■ Task to complete:
Go through the data and copy each line where the string "skin" appears.

■ Records for this exercise:
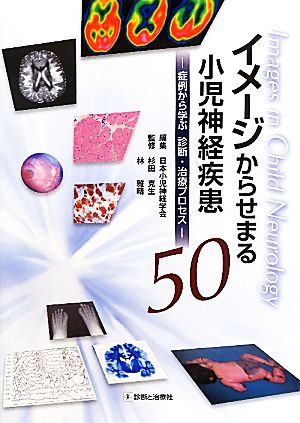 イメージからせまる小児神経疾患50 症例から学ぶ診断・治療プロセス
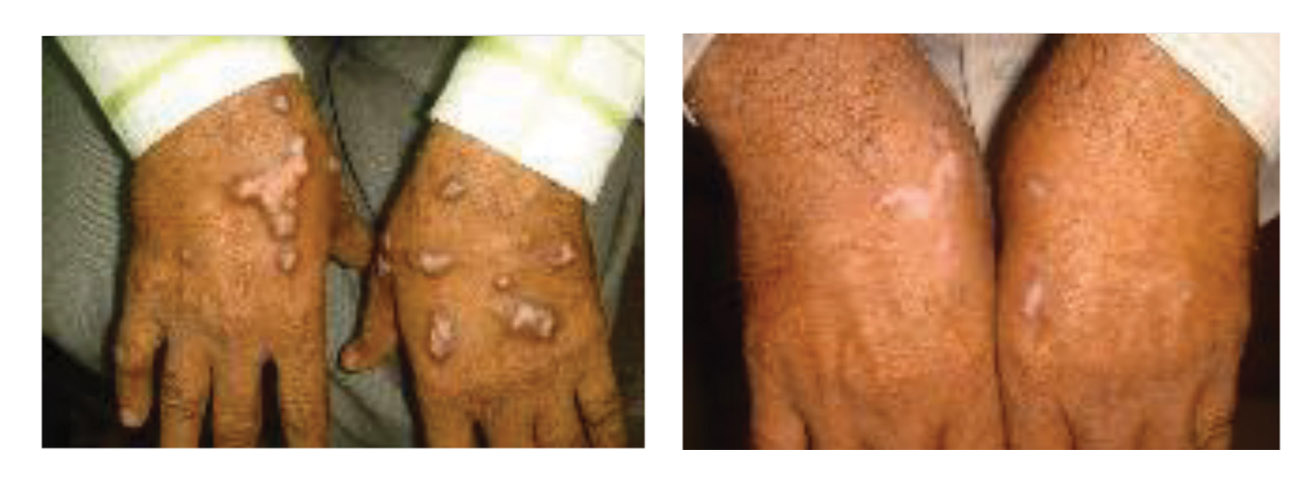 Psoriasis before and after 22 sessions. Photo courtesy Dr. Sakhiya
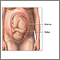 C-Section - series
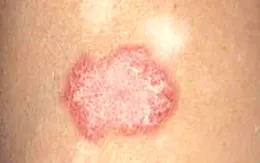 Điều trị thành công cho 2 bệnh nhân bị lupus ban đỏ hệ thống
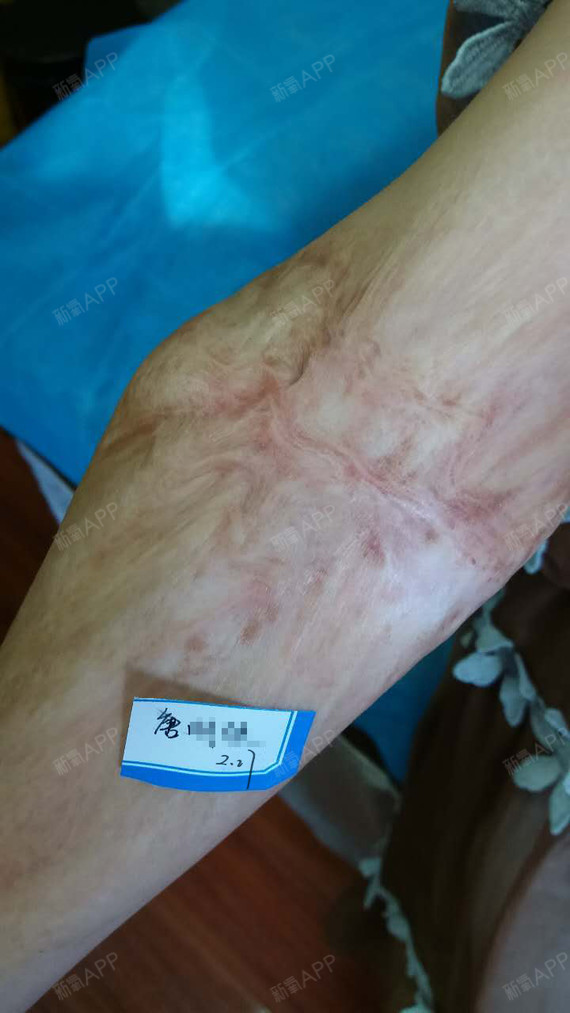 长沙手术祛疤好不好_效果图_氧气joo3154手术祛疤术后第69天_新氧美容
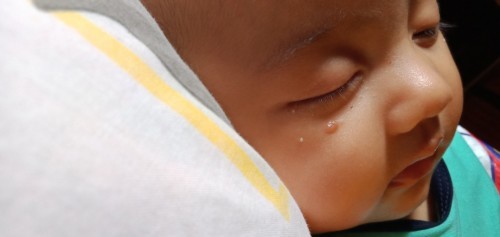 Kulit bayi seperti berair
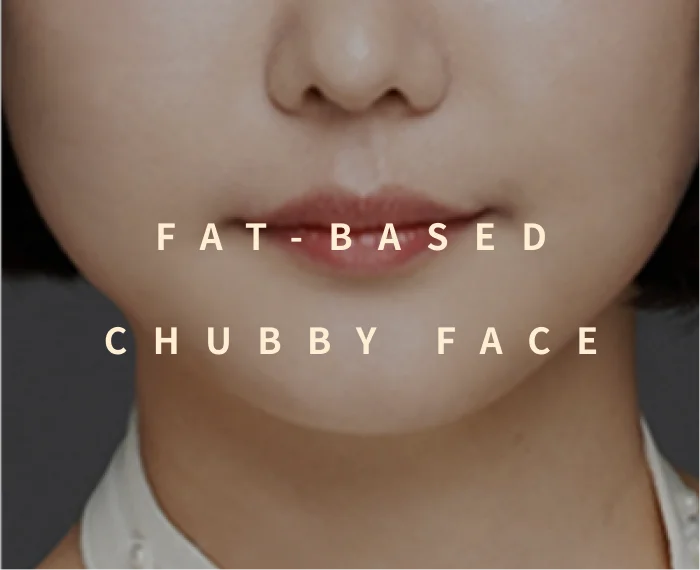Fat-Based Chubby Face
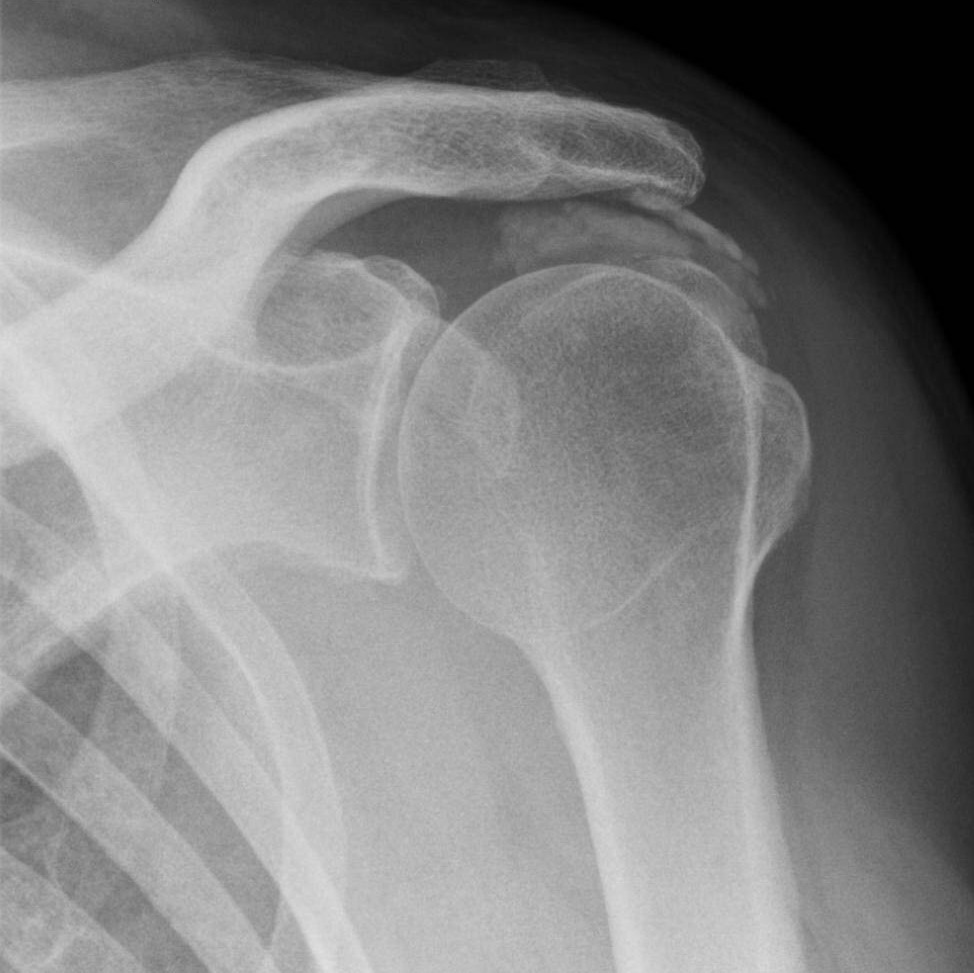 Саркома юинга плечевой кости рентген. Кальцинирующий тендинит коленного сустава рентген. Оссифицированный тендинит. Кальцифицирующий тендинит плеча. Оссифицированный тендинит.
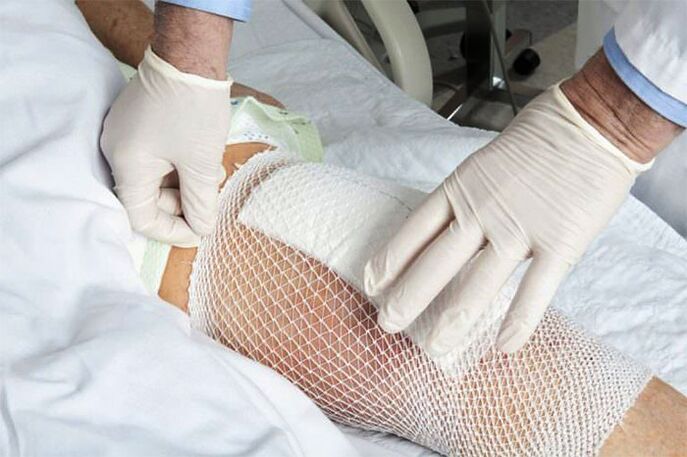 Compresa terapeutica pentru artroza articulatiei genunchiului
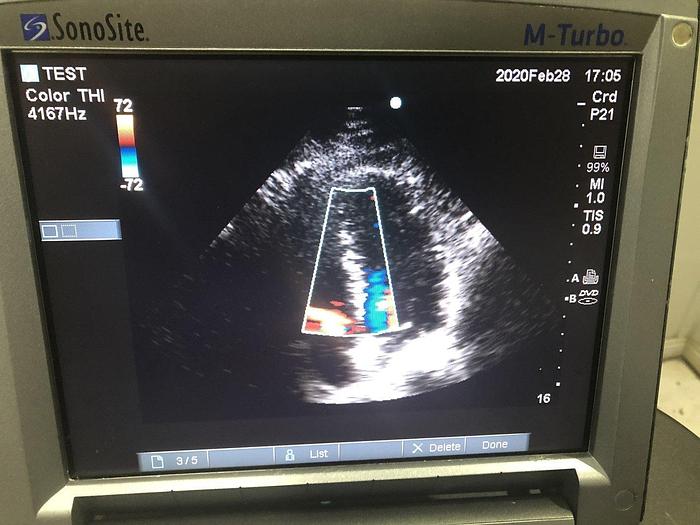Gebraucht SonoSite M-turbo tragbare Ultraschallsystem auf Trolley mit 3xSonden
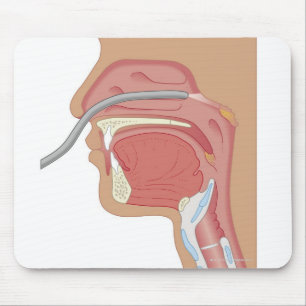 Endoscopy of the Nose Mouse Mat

---

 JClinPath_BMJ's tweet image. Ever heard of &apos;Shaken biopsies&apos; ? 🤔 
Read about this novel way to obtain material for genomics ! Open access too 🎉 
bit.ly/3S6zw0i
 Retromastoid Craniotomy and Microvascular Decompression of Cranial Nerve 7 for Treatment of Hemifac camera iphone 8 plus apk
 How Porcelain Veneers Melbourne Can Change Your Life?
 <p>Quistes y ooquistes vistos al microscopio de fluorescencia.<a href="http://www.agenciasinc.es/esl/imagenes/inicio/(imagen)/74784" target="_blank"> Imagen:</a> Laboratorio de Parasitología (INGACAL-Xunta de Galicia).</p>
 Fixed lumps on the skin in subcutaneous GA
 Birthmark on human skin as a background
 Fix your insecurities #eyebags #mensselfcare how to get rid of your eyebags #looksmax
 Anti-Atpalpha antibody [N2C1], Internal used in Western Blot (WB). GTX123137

■ Answer area:
 Fixed lumps on the skin in subcutaneous GA
 Birthmark on human skin as a background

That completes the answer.